If we can learn from the past, we are bound to have far more to celebrate in the next 50 years of Independence. Most of us will not be around in 2062, but we can bequeath a legacy of prosperity to our offsprings through setting the stage for long-term planning and execution.
A good place to start is the Jamaica 50 Anniversary Secretariat. Instead of scuttling it now that the Independence celebrations are over, we should regalvanise it to receive suggestions from Jamaicans as to how to monetise and maximise our success at London 2012 and the outpouring of patriotism generated by the 50th anniversary and the Olympics.

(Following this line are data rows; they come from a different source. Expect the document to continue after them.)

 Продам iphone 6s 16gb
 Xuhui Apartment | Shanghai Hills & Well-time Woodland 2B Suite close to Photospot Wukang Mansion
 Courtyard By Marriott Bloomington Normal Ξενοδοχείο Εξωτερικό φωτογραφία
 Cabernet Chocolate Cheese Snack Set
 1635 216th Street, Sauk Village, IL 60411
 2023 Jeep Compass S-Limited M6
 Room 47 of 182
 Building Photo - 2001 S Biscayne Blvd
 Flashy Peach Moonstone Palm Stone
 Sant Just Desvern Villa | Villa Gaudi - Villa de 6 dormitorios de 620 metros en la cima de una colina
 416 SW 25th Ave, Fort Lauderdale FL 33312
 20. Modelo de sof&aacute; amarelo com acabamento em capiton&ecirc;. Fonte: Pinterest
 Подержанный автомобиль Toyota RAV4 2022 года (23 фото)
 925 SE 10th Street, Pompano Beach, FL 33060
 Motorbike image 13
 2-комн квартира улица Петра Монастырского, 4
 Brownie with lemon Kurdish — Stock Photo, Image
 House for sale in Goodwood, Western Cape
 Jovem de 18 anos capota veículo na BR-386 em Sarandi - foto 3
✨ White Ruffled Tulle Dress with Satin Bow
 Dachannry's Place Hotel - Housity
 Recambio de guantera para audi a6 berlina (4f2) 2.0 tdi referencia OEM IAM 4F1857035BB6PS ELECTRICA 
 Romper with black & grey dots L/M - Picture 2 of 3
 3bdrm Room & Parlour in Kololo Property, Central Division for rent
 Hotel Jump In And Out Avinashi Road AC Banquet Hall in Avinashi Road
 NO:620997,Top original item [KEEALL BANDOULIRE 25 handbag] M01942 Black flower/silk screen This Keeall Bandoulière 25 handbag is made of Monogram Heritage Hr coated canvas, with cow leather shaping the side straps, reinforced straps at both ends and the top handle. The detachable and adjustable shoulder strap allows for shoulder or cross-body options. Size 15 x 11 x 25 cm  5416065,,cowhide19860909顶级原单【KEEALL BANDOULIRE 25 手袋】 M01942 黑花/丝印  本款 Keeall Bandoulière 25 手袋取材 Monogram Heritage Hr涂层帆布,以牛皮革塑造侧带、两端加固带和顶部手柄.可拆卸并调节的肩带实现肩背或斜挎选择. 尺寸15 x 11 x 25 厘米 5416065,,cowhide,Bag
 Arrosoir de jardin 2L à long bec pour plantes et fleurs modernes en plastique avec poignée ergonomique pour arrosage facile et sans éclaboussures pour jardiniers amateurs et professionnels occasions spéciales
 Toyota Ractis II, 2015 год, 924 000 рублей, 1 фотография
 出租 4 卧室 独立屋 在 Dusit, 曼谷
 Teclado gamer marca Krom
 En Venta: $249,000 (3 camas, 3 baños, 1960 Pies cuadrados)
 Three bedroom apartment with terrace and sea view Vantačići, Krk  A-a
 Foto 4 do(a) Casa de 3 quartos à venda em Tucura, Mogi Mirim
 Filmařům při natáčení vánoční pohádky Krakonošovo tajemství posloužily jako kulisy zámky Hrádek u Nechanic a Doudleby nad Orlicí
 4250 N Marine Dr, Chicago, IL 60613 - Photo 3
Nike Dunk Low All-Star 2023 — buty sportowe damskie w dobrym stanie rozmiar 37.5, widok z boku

The staging of the Grand Gala and Jubilee Village, despite initial fears of a flop, was masterfully executed, and is now a thing of pride for the thousands of Jamaicans living here and overseas who passed through. It is an example of the sheer genius of the Jamaican people, and here we must heartily congratulate Culture Minister Lisa Hanna and Secretariat head Mr Robert Bryan, the team leaders, for a splendid job.
It is never easy to turn intangibles, such as patriotism and Olympic glory, into economic products. But we can start with our outstanding international product, tourism. After all, Jamaica is where Usain Bolt, Yohan Blake, Shelly-Ann Fraser-Pryce, and Veronica Campbell Brown are from.
Let us all put on our black, green and gold thinking caps.